Starring: Christina Hendricks (Cindy), Bailee Madison (Kinsey), Martin Henderson (Mike), Lewis Pullman (Luke), Emma Bellomy (Dollface), Damian Maffei (Man in the Mask), Lea Enslin (Pin-Up Girl).
It felt rather lonely in 2008 thinking that Bryan Bertino’s The Strangers was one of the scariest films I had seen in years – most reviews dismissed it as another cheap horror movie, but it was a film that creeped me out to no end. To be fair, home invasion movies do that me more than most horror films do (I rarely get all that scared by movies featuring ghosts for example) – and having kids has only heightened that anxiety. Re-watching The Strangers in the lead up to the long awaited sequel, I was even more impressed by it now than I was then (and seeing how I hadn’t watched it in 10 years, the scares worked again). I’m glad that the film has become a new horror classic in that time. The Strangers: Prey at Night is now here – why it took 10 years to make it, I’ll never know (especially since it as announced right after the original was released), and while it isn’t quite as good as the original, it’s pretty damn close. For horror sequels, it’s tough to do better.
The original film was about a couple, who were already frayed when the film opened – thanks to a proposal gone awry – but for the sequel, the filmmakers have decided to expand that to a family, but has kept the fraying part. After a brief prologue that re-establishes the trio of masked killers – the film sketches this film in strokes that seem broad, but still get to the heart of who they are. Cindy and Mike (Christina Hendricks and Martin Henderson) are concerned about their teenage daughter Kinsey (Bailee Madison) – and have decided to ship her off to boarding school (her exact “crimes” are not spoken, but she wears a Ramones t-shirt, and smokes cigarettes). Kinsey is angry at her parents for sending her away, and resentful of her older brother Luke (Lewis Pullman), who she thinks her parents see as the golden child. The family is headed to a trailer park run by an older, drunk uncle for the night before dropping Kinsey off at boarding school. It’s off season, so no one else is going to be around. If you’ve seen the original film you know what will happen next – a knock on the door late at night, a young woman, faced obscured by darkness and long blonde hair asking for “Tamara”, and then escalating terror as that woman is joined by two others, another woman and a man – all wearing fake cheery masks, as they torment the family.
The Strangers: Prey at Night is smart enough to know that it cannot repeat everything from the first film. The original eventually does build to a bloody, bleak climax, but it takes almost its entire runtime to get there, so that for most of the runtime you don’t really know what the masked stranger’s intentions are – they could just be really committed to pulling off a perverse prank. You cannot get away with that twice, so this film doesn’t hide what those intentions are, and while the result is a fairly standard structure of the family members getting picked off one at a time, it also means that once the terror starts, it never really lets up.

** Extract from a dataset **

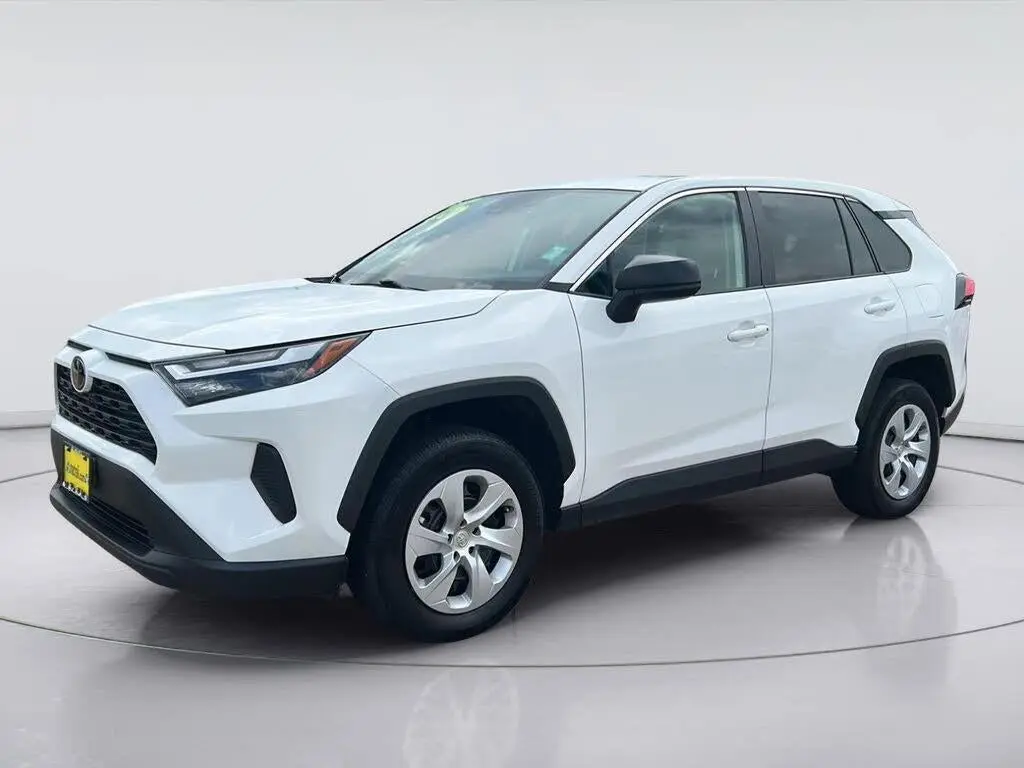 Toyota RAV4 2025 AWD LE 4dr SUV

Bertino is back as a screenwriter, but not as a director – that falling to Johannes Roberts this time, but improves greatly from last year’s surprise hit 47 Meters Down, starring Mandy Moore and Claire Holt as a pair of sisters, trapped underwater, with diminishing oxygen, as sharks circle above them (that film was effective, but not this effective). Roberts in many ways takes his cues from what Bertino did in the original film (at least when he’s not cribbing from John Carpenter – especially Christine) – there are a lot of shots of the potential horror in the background – we can see them, the characters cannot. Roberts makes great use of the confined spaces inside the trailers – but perhaps even better use of the dark fields around them – providing just enough light to see what’s happening. Sure, he may too heavily on the ironic use of 1980s pop songs against the killings – but that’s a cliché he fully embraces, and works wonderfully.
The result is another horror film that has haunted me for days since seeing it – a truly scary film that may not be original, and may not have quite the impact of the first film, which was one of a number at that time turning horror clichés on its head – but is ruthlessly effective at what it’s doing.